Artigo – “Psicanalistas na política como psicanalistas”, por Romildo do Rêgo Barros
Publicado originalmente em junho de 2018 em http://lalibertaddepluma.org/romildo-do-rego-barros/
Além da ironia
Os psicanalistas, pelo menos é o que sempre se pensou, são irônicos em relação aos grandes ideais políticos, e o apoio que dão a esses ideais tem sido, no máximo, de caráter tático. Em princípio, nenhum ideal os representa, nem tanto porque se ocupam do individual, do um a um, enquanto os grandes ideais se referem a um todo suposto; mas porque o exercício da política, no sentido banal do termo, se faz, quase naturalmente, às custas da verdade.
Mas, como se pode entender o que seria, na prática, uma presença dos psicanalistas (como psicanalistas, não apenas como cidadãos) na política? Podemos partir do seguinte: o funcionamento democrático, que inclui antes de tudo o direito a falas diferentes, é a primeira condição política para que a psicanálise possa “trazer algo para a humanidade”, como se exprimiu Miller.
Se isso é verdade, a luta pela democracia é um dever elementar do psicanalista: não como um grande ideal que nunca será atingido, mas como a prática de uma conversação permanente. Isso não se deve simplesmente ao apego que cada um de nós tem em relação à liberdade, sem a qual, dizia Lacan, “os povos se enlutam”[1]. Deve-se também ao fato de que toda situação durável de autoritarismo degrada o uso da língua, como o demonstrou Victor Klemperer no seu importante estudo sobre a linguagem burocrática no Terceiro Reich[2]. E os psicanalistas são, creio poder dizê-lo, responsáveis em parte pelo bem dizer, individual e coletivo.
O diabo existe
Jacques-Alain Miller coordenou, como se sabe, uma ampla luta contra a candidatura de Marine Le Pen, do Front National, à presidência da França. Vários foros de discussão foram organizados, dezenas de pessoas tomaram a palavra, e a partir deles pudemos reforçar a ideia de que entre os vários segmentos da democracia de um lado, e o fascismo do outro, há um abismo que é preciso aprofundar. Na imagem usada pelos franceses, era preciso não permitir que Marine Le Pen e seu partido fossem ‘desdiabolizados’. Era preciso não permitir que vigorasse a velha tática do diabo, apontada por Baudelaire, de tentar nos convencer de que não existe.

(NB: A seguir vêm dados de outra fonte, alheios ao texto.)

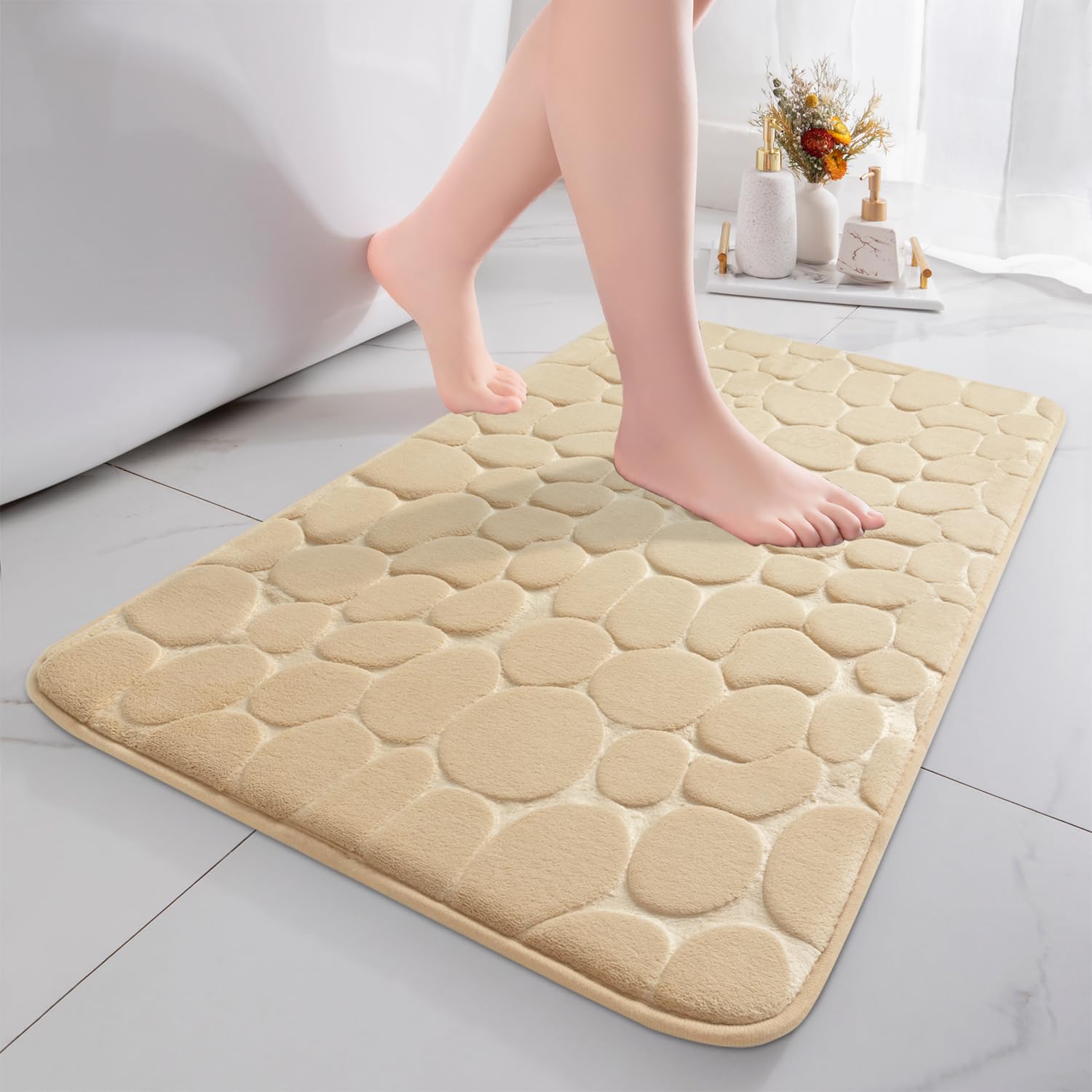 chakme Badematte Memoryschaum Badteppich Memory Foam Duschvorleger Saugfähige Badvorleger Badezimmerteppich Duschmatte Deko Fussmatte rutschfeste Matte für Badezimmer Wohnzimmer 43x61 cm, Dunkelbeige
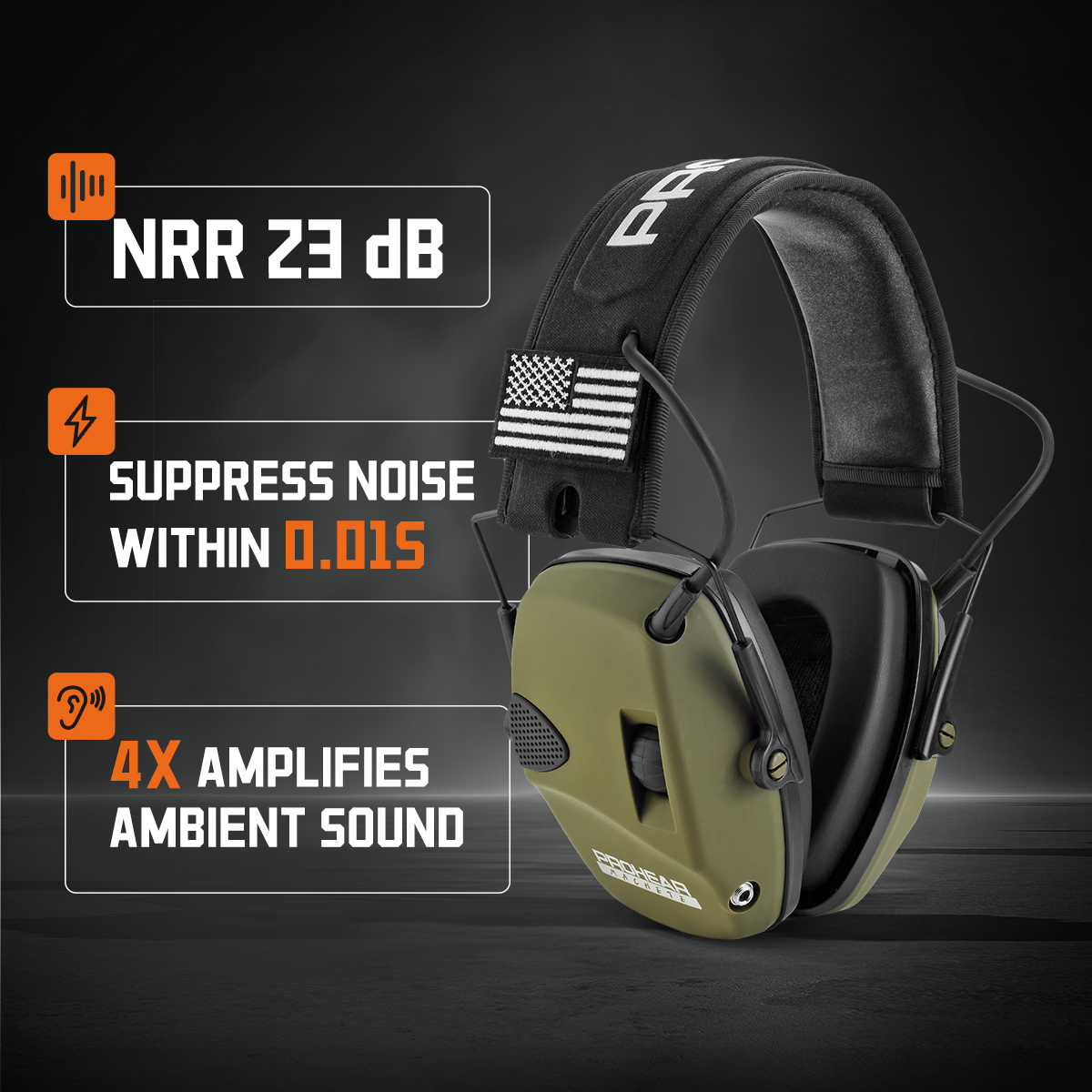 PROHEAR 026 Electronic Shooting Ear Protection, 4X Sound Amplification, NRR 23dB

O fascismo existe, sob formas sem dúvida diferentes dos anos trinta e quarenta, e alimenta sempre a ideia de que a política e o poder são, antes de mais nada, aplicações de uma violência seletiva, isto é, de uma violência que rompe seletivamente com o universal da lei. Para o fascismo, basta para isso que se invente uma maioria mítica, chamada, por exemplo, de a ‘gente de bem’ (esta expressão foi usada no Brasil, no auge das manifestações pela destituição da presidente Dilma Rousseff), e que se contraponha a essa maioria mítica uma escória que a rigor não deveria existir. Senão como escória, justamente.
Quando, por exemplo, o deputado Jair Bolsonaro, representante da extrema direita brasileira e partidário da ditadura, afirma em uma conferência que os ‘quilombolas’ (descendentes dos antigos escravos fugidos do cativeiro) “não servem para nada, nem para procriar”, ele está incentivando o extermínio, saiba disso ou não.

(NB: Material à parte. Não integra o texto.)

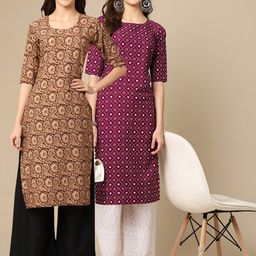 KALINI PACK OF 2 Women Ethnic Motifs Printed Block Print Handloom Crepe Kurta-52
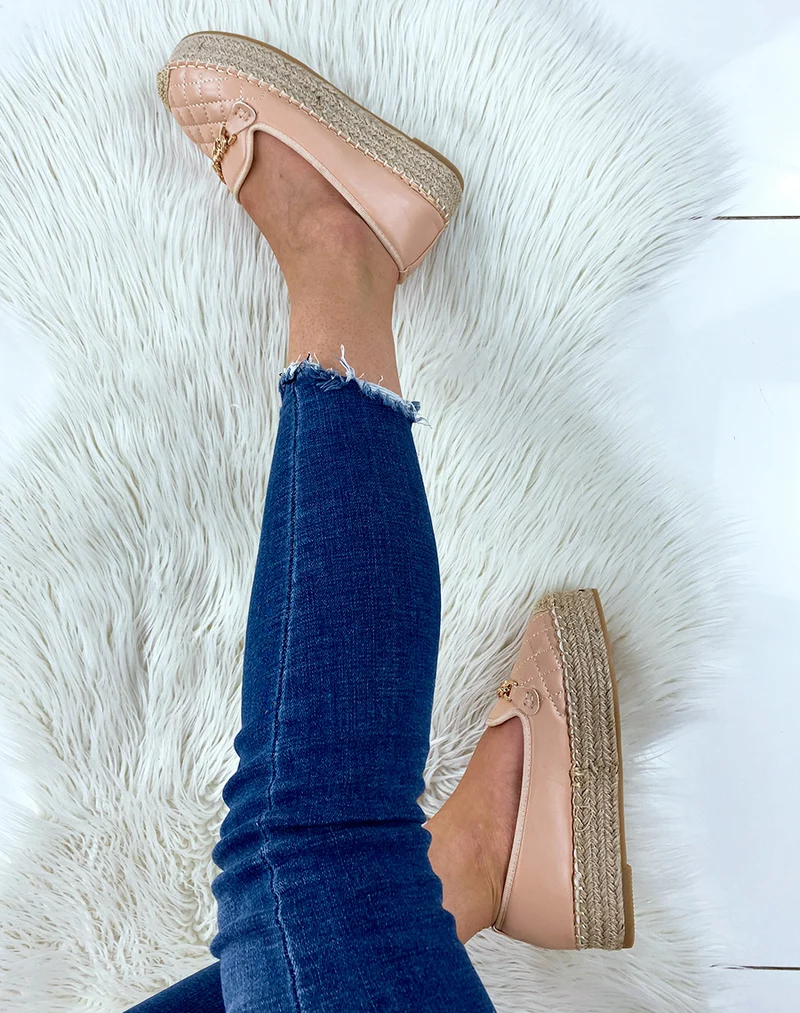 Espadrilles rose poudré matelassées à plateforme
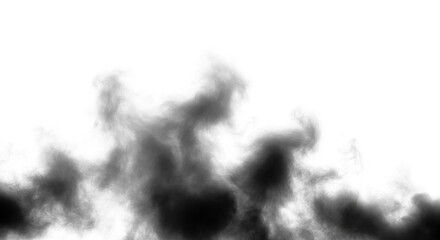 Naklejka premium Dense plumes of dark smoke rise upward, twisting into complex shapes on a transparent background.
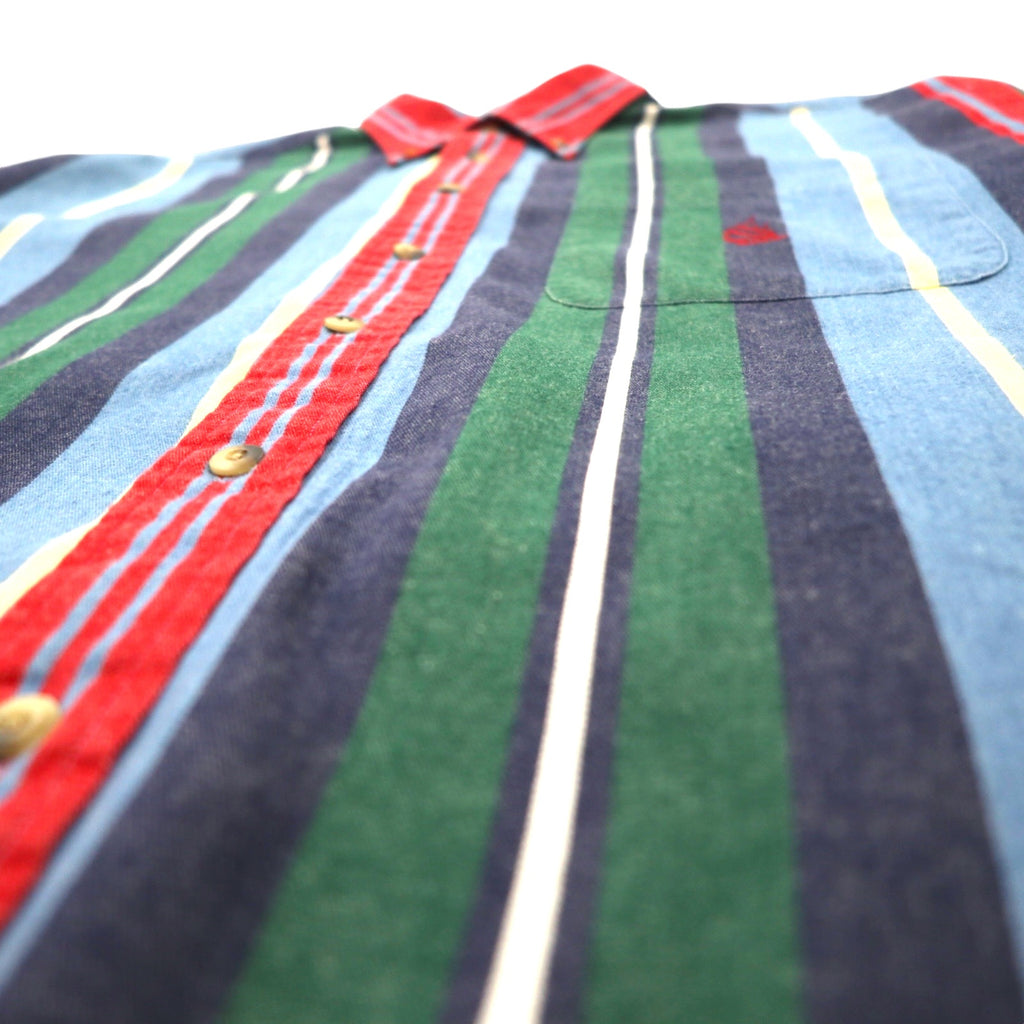 nautica USA made 90s multi-stripe button-down shirt, XL, blue, cotton, one-point embroidery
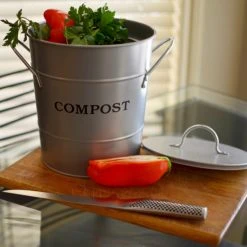 Discount 🧨 Exaco Kitchen Compost Bins 2-n-1 Compost Bucket - Silver ⌛ -Garden Trellises Shop detail2EX110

Por incrível que possa parecer, isso funciona como propaganda, porque carrega em si o verdadeiro alimento do fascismo: o ódio da diferença (a outra face do “ódio de si”, que Eric Laurent pôs em evidência recentemente), sentimento pré-político cuja fronteira é traçada por quem tem o poder de traçar: do lado de cá a ‘gente de bem’, e do outro, aqueles aos quais se supõe um gozo bárbaro: índios, favelados, imigrantes, homossexuais e LGBT em geral, membros das religiões afro-brasileiras, nordestinos, etc…
Essas diferenças provavelmente nunca serão eliminadas –e talvez muitos dos fascistas o saibam–, mas, pouco importa, é necessário para eles que essa bandeira permaneça no horizonte, como promessa de uma conciliação final da suposta elite.
Romildo do Rêgo Barros é psicanalista, reside no Rio de Janeiro.
Membro (AME) da EBP-AMP, com trabalhos publicados em varias revistas do Campo Freudiano. É autor notadamente de “Compulsões e Obsessões – Uma Neurose de Futuro” – Editora Civilização Brasileira.
Notas bibliográficas:
[1] Lacan, J., “Kant com Sade”, em Escritos, Jorge Zahar Editor, Rio de Janeiro, 1998, p. 779.
[2] Klemperer, V., LTI: a linguagem do Terceiro Reich. Editora Contraponto, Rio de Janeiro.